Following two preliminary meetings with Unite representatives, Kostal made a pay offer. Union members were balloted and rejected the offer. Kostal then made the same offer to its employees directly, bypassing Unite, on 10 December 2015. On 29 January 2016, Kostal made another similar offer to those employees who had not yet accepted the first offer. Kostal also said that, if no agreement was reached, "this may lead to the company serving notice on your contract of employment". In November 2016, by which time over 97% of employees had accepted one or other of the direct offers, Kostal and Unite reached a collective agreement for 2015 (on similar terms to the direct offers). In May 2016, the claimants complained to an employment tribunal that the direct offers made to them by Kostal contravened section 145B of the Trade Union and Labour Relations (Consolidation) Act 1992 (the "1992 Act"). The tribunal upheld the complaints and made the statutory award of £3,800 to each claimant for each offer made to him. Kostal appealed to the Employment Appeal Tribunal (the "EAT") which, by a majority, dismissed the appeal. Kostal then appealed to the Court of Appeal, which allowed the appeal and set aside the decisions of the tribunal and the EAT. The claimants were given permission to appeal to the Supreme Court.
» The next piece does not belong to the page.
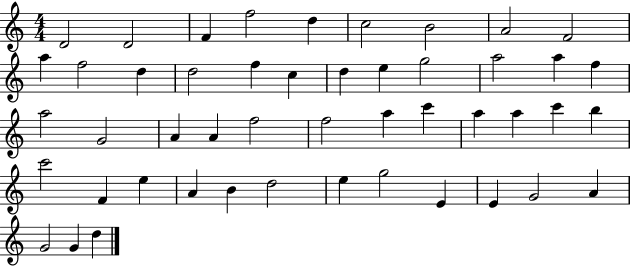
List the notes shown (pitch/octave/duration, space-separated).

D4/h D4/h F4/q F5/h D5/q C5/h B4/h A4/h F4/h A5/q F5/h D5/q D5/h F5/q C5/q D5/q E5/q G5/h A5/h A5/q F5/q A5/h G4/h A4/q A4/q F5/h F5/h A5/q C6/q A5/q A5/q C6/q B5/q C6/h F4/q E5/q A4/q B4/q D5/h E5/q G5/h E4/q E4/q G4/h A4/q G4/h G4/q D5/q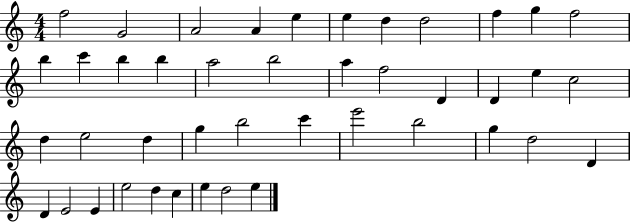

The Supreme Court allowed the appeal. The key provisions of the 1992 Act provide: section 145B (1) A worker who is a member of an independent trade union which is recognised, or seeking to be recognised, by his employer has the right not to have an offer made to him by his employer if – (a) acceptance of the offer, together with other workers’ acceptance of offers which the employer also makes to them, would have the prohibited result, and (b) the employer's sole or main purpose in making the offers is to achieve that result. (2) The prohibited result is that the workers’ terms of employment, or any of those terms, will not (or will no longer) be determined by collective agreement negotiated by or on behalf of the union. Section 145D(2): On a complaint under section 145B it shall be for the employer to show what was his sole or main purpose in making the offers. In the words of Lord Leggatt, what an employer cannot do with impunity is what Kostal did here: make a direct offer to its workers, including union members, before the collective bargaining process which the employer has agreed (albeit in honour only) to follow has been exhausted. Lady Arden and Lord Burrows agreed that the appeal should be allowed but disagreed with the majority’s interpretation of sections 145B and 145D of the 1992 Act. Their preferred interpretation was closely aligned with that of the ET and EAT. They did not think it necessarily followed that an employer can escape liability just because the collective bargaining process has been exhausted (as where, for example, the employer has been determined to thwart the bargaining process). They considered that where an offer is made directly, and not through collective bargaining, to workers who are trade union members which, if accepted, would change one or more terms of their employment, to avoid liability it is for the employer to establish that its sole or main purpose in making the offer was a genuine business purpose.